### Task material
------------------------------------

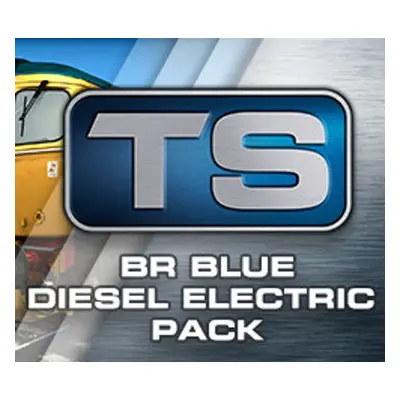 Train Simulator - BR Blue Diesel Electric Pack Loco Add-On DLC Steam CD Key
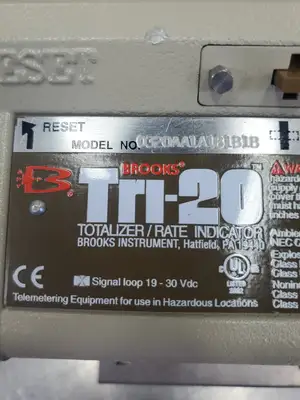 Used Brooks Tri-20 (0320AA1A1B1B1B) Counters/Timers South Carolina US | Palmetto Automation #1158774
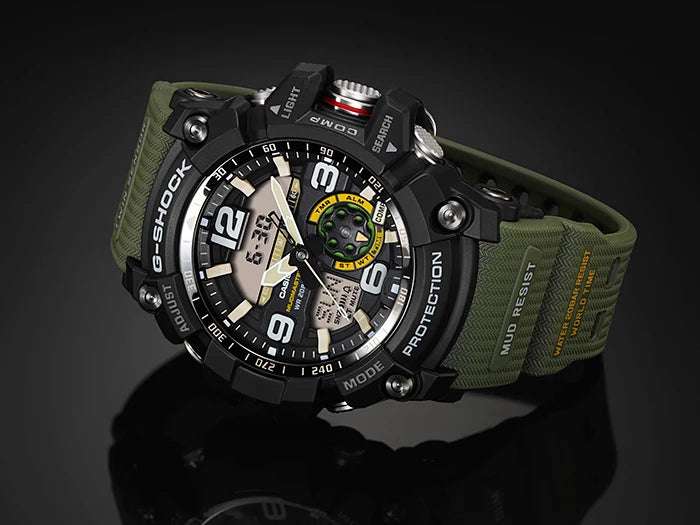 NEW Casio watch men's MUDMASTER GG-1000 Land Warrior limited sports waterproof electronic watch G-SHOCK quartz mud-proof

------------------------------------

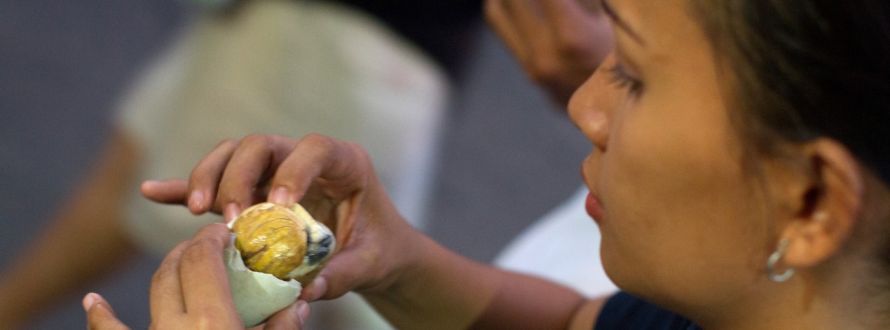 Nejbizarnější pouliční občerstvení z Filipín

------------------------------------

### Work item
Would you print exactly the lines in the listing above, from the line bearing "Used Brooks Tri-20" through the line bearing "NEW Casio watch", leaving out all pictures?

### Problem solution
 Used Brooks Tri-20 (0320AA1A1B1B1B) Counters/Timers South Carolina US | Palmetto Automation #1158774
 NEW Casio watch men's MUDMASTER GG-1000 Land Warrior limited sports waterproof electronic watch G-SHOCK quartz mud-proof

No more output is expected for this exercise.